DOMAIN: jfh@rpp386.uucp | -- apologizes to Dennis O'Connorrichard@neabbs.UUCP (RICHARD RONTELTAP) (08/23/88)
[ Tested the ticktock.c program ] Firstly: 286 Xenix'ers should compile the test program of J.F. Haugh (II?, come on!) to large model with the -Ml switch. Welllll, I ran the test program on XENIX /386 2.2.1 and 2.2.3 with the same results. When the program is started the first time only one TICK/TOCK is printed. When it is started the second time. TICK/TOCK is infinitely printed. I think what happens is: When the shared memory is created, and the parent process has printed TICK, the context is switched to the child process right after the 'signal' command and just before the 'pause' command. When the child now signals the parent, the signal is caught and the parent goes the the next command: pause(), and waits for ever! The second time scheduling is different because the shared memory doesn't have to be created. All this is rather far fetched, but the only explenation I can think of. At least no panic's or core dumps. Can anyone else post experiences? Maybe Mr Chapman from SCO Kernel development can comment on this? Richard (...!mcvax!neabbs!richard)
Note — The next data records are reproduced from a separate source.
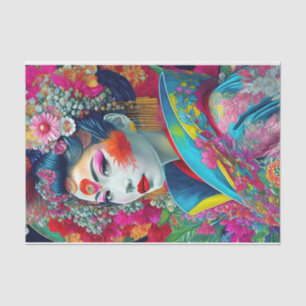 Chic Colourful Geisha Decoupage Tissue Paper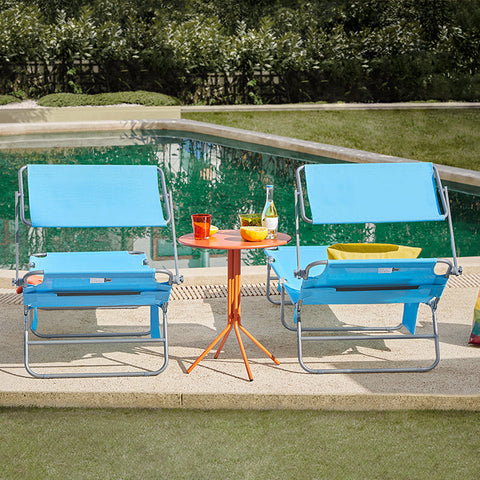 Rootz Adjustable Sun Lounger with Canopy - Garden Lounger - Beach Chair - Durable Metal Frame - Synthetic Fiber Fabric - Foldable & Portable - 195cm x 90cm x 63cm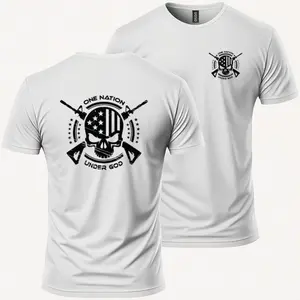 One Nation Under God Graphic T-Shirt -100% Combed Ringspun Cotton,Lightweight,Casual, Crew Neck, ScreenPrinted, Man Soft Tshirt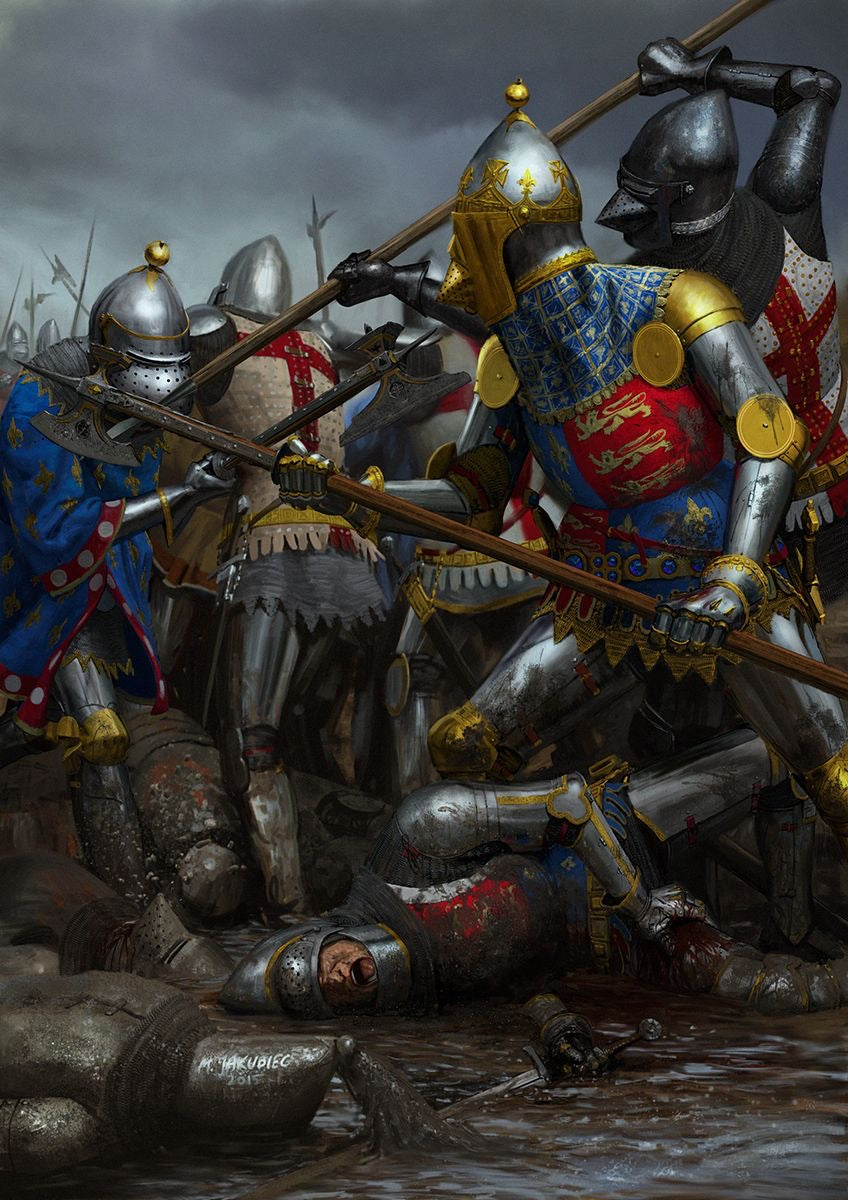 MEDIEVAL KNIGHT BATTLE CLASH STEEL AND HONOR WAR SCENE CANVAS POSTER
jfh@rpp386.UUCP (The Beach Bum) (08/25/88)
In article <22012@neabbs.UUCP> richard@neabbs.UUCP (RICHARD RONTELTAP) writes: >[ Tested the ticktock.c program ] > >Firstly: 286 Xenix'ers should compile the test program of J.F. Haugh >(II?, come on!) to large model with the -Ml switch. [ yes, my uncle was john f. haugh. he wasn't married when i was born so it was assumed he would remain childless. my legal name is jfh2. ] >When the program is started the first time only one TICK/TOCK is >printed. When it is started the second time. TICK/TOCK is infinitely >printed. [ ... ] >The second time scheduling is different because the shared memory >doesn't have to be created. this program should work regardless of scheduling. on the first entry into child() the busy loop will be executed because loc[0] was set to zero prior to the fork. the signal handler was set prior to entry to child (but should have been set before the fork() - stupid me). if parent() executes the kill() call before the child() executes the signal() call, then you should have seen TICK ... with a hang forever. the fix is to move the signal() call to before the fork(). if ... TOCK is printed then signal() has been called. >All this is rather far fetched, but the only explenation I can think >of. At least no panic's or core dumps. no, it is very plausible if only TICK ... was printed. this is why concurrent programming is such a joy and volatile variables have to be treated specially. because this ain't easy sh*t. -- John F. Haugh II (jfh@rpp386.UUCP) HASA, "S" Division "If the code and the comments disagree, then both are probably wrong." -- Norm Schryer
jbayer@ispi.UUCP (id for use with uunet/usenet) (08/25/88)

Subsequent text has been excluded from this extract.